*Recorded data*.

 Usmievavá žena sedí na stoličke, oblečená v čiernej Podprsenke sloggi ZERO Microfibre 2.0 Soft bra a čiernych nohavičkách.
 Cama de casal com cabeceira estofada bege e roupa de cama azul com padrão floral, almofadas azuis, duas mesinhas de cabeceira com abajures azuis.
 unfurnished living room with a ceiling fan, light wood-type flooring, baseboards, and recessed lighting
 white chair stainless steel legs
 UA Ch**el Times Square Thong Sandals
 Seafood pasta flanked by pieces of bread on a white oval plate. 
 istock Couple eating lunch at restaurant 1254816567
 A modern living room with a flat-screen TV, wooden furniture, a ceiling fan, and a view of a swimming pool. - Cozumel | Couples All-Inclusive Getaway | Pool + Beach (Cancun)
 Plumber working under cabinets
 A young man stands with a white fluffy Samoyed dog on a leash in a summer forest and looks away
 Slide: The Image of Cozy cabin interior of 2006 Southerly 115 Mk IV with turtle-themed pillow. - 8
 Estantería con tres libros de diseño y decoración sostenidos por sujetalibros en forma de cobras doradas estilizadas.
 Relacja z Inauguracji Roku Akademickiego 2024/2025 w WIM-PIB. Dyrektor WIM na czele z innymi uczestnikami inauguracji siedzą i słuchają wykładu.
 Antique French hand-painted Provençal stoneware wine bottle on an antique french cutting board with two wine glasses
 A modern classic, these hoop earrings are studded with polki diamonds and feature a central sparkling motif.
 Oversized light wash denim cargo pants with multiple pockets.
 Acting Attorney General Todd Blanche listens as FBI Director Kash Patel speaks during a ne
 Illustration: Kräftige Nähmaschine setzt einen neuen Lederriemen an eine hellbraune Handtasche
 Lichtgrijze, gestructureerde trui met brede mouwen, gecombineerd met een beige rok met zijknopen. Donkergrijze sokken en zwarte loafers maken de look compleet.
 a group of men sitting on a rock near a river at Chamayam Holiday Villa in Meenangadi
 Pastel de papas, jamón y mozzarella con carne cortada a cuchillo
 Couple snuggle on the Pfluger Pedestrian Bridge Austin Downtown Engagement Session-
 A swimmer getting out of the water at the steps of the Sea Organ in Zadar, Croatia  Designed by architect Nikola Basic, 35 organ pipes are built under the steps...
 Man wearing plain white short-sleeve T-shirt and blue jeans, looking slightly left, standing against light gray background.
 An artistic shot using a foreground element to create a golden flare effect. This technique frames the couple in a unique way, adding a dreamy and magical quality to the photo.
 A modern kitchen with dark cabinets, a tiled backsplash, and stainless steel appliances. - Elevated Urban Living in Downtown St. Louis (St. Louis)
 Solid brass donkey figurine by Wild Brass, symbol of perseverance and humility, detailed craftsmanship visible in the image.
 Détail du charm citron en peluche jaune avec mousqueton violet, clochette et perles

*Task description*. All of the entries above need to be reproduced verbatim.

*Your response*.
 Usmievavá žena sedí na stoličke, oblečená v čiernej Podprsenke sloggi ZERO Microfibre 2.0 Soft bra a čiernych nohavičkách.
 Cama de casal com cabeceira estofada bege e roupa de cama azul com padrão floral, almofadas azuis, duas mesinhas de cabeceira com abajures azuis.
 unfurnished living room with a ceiling fan, light wood-type flooring, baseboards, and recessed lighting
 white chair stainless steel legs
 UA Ch**el Times Square Thong Sandals
 Seafood pasta flanked by pieces of bread on a white oval plate. 
 istock Couple eating lunch at restaurant 1254816567
 A modern living room with a flat-screen TV, wooden furniture, a ceiling fan, and a view of a swimming pool. - Cozumel | Couples All-Inclusive Getaway | Pool + Beach (Cancun)
 Plumber working under cabinets
 A young man stands with a white fluffy Samoyed dog on a leash in a summer forest and looks away
 Slide: The Image of Cozy cabin interior of 2006 Southerly 115 Mk IV with turtle-themed pillow. - 8
 Estantería con tres libros de diseño y decoración sostenidos por sujetalibros en forma de cobras doradas estilizadas.
 Relacja z Inauguracji Roku Akademickiego 2024/2025 w WIM-PIB. Dyrektor WIM na czele z innymi uczestnikami inauguracji siedzą i słuchają wykładu.
 Antique French hand-painted Provençal stoneware wine bottle on an antique french cutting board with two wine glasses
 A modern classic, these hoop earrings are studded with polki diamonds and feature a central sparkling motif.
 Oversized light wash denim cargo pants with multiple pockets.
 Acting Attorney General Todd Blanche listens as FBI Director Kash Patel speaks during a ne
 Illustration: Kräftige Nähmaschine setzt einen neuen Lederriemen an eine hellbraune Handtasche
 Lichtgrijze, gestructureerde trui met brede mouwen, gecombineerd met een beige rok met zijknopen. Donkergrijze sokken en zwarte loafers maken de look compleet.
 a group of men sitting on a rock near a river at Chamayam Holiday Villa in Meenangadi
 Pastel de papas, jamón y mozzarella con carne cortada a cuchillo
 Couple snuggle on the Pfluger Pedestrian Bridge Austin Downtown Engagement Session-
 A swimmer getting out of the water at the steps of the Sea Organ in Zadar, Croatia  Designed by architect Nikola Basic, 35 organ pipes are built under the steps...
 Man wearing plain white short-sleeve T-shirt and blue jeans, looking slightly left, standing against light gray background.
 An artistic shot using a foreground element to create a golden flare effect. This technique frames the couple in a unique way, adding a dreamy and magical quality to the photo.
 A modern kitchen with dark cabinets, a tiled backsplash, and stainless steel appliances. - Elevated Urban Living in Downtown St. Louis (St. Louis)
 Solid brass donkey figurine by Wild Brass, symbol of perseverance and humility, detailed craftsmanship visible in the image.
 Détail du charm citron en peluche jaune avec mousqueton violet, clochette et perles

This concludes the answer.